Even if the CH Precision A1.5 outperforms the Brystons on more than a few parameters (mostly more articulate and more highly resolving and refined) I still felt that the Brystons did a damn fine job. I’ve not got one at hand, but from other comparisons, I suspect that an Accuphase E600 Class A amp, and by extension, also an E650, might be just the ticket for these speakers. And indeed, Jan Legel later confirmed that an Accuphase preamp + class A power amp combo really made the speakers shine during one of the listening sessions that he attended.
The bottom Line
The Persona B’s have world-class transparency, not only in the treble, to which this is so often restricted but also in the midrange as well as the bass. Also, they are extremely finely detailed and have superb micro-dynamics. The speakers also play very loudly without any signs of break-up. Lastly, the macro-dynamics are also good but this is admittedly not their strongest aspect. As often happens, a very nuanced, even-handed, and transparent product need not be the one that is most “rocking and rolling”. But I also would not pick these speakers for such music. What they do sublimely is to reveal everything there is to know about a recording with crystal clarity. They are like the proverbial magnifying glass onto your music while sounding sophisticated even under less than ideal circumstances. All this time I have not touched on the subject of the bass and that is for an important reason. Of course, a small monitor speaker cannot produce bass with the slam and depth of much bigger floor standing designs, but irrespective, while the bass is not any bigger, deeper, or more powerful than can be expected based on the cabinet dimensions I never felt that anything was missing. This really only becomes evident when playing R&B tracks with subterranean basslines or when comparing to the Kromas or, keeping with monitor speakers, the Graham Audio LS5/9’s. But while the latter have considerably deeper and fatter bass, there is no contest where resolution, linearity, and transparency are concerned. The Persona B’s bass is simply so well integrated and of such high quality that the lack of truly deep bass becomes a non-issue.

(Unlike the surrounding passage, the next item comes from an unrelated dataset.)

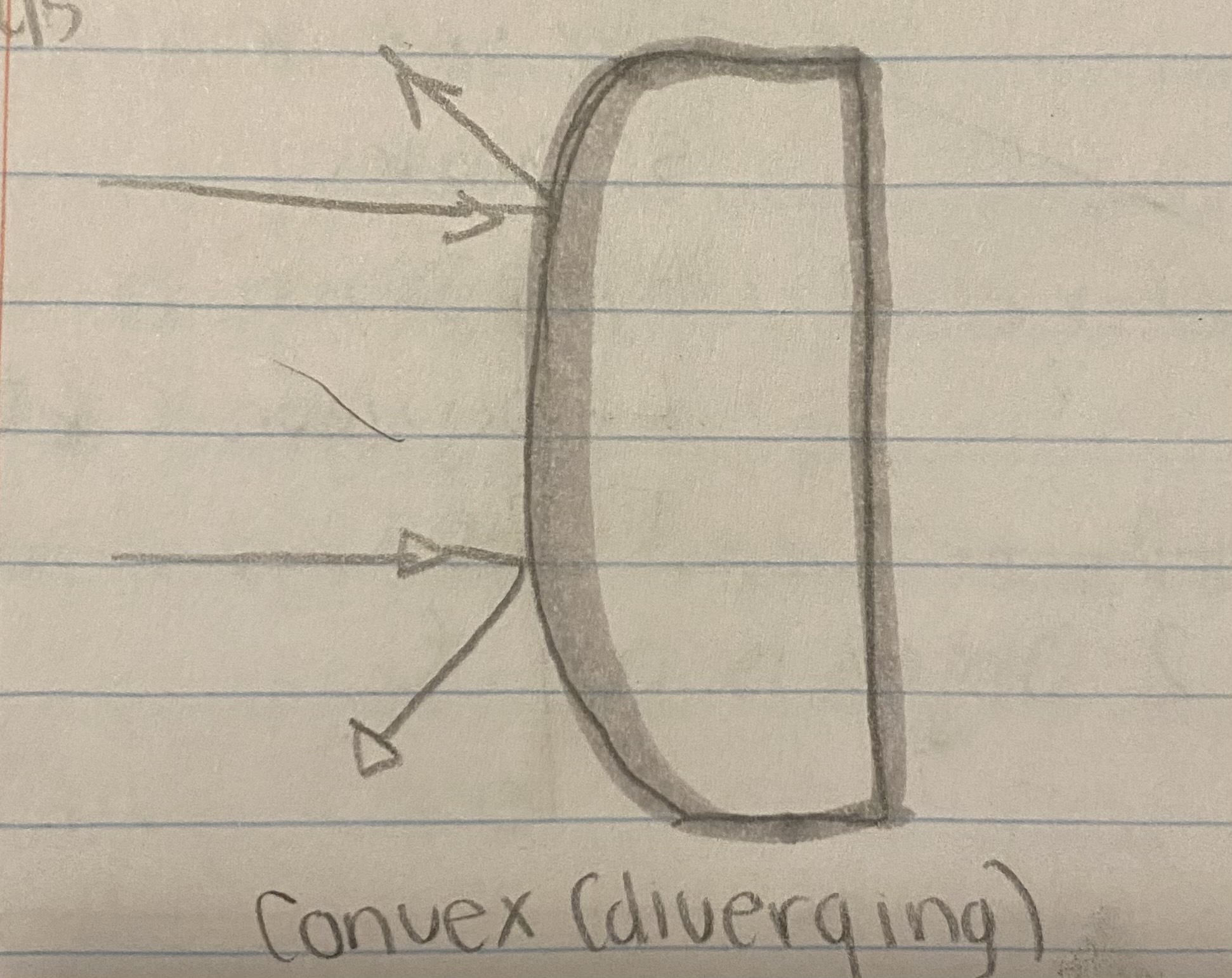 Convex Mirrors
Reflected rays meet at the focus point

Well, I pretty much already gave it away in the header when I wrote: “Super-coherent and articulate, very highly resolving, decidedly uncolored, and extremely transparent, the Persona B’s provide an overall performance not seen before in this price class”. I should add that while 8000 euro sans stands is not pocket change, it will require a lot more to improve on this stellar performance. If the budget stretches then I would know of no better alternative than to check out the Paradigm Persona 3 floor standers which should retain everything there is to love about the B’s with deeper and more powerful bass.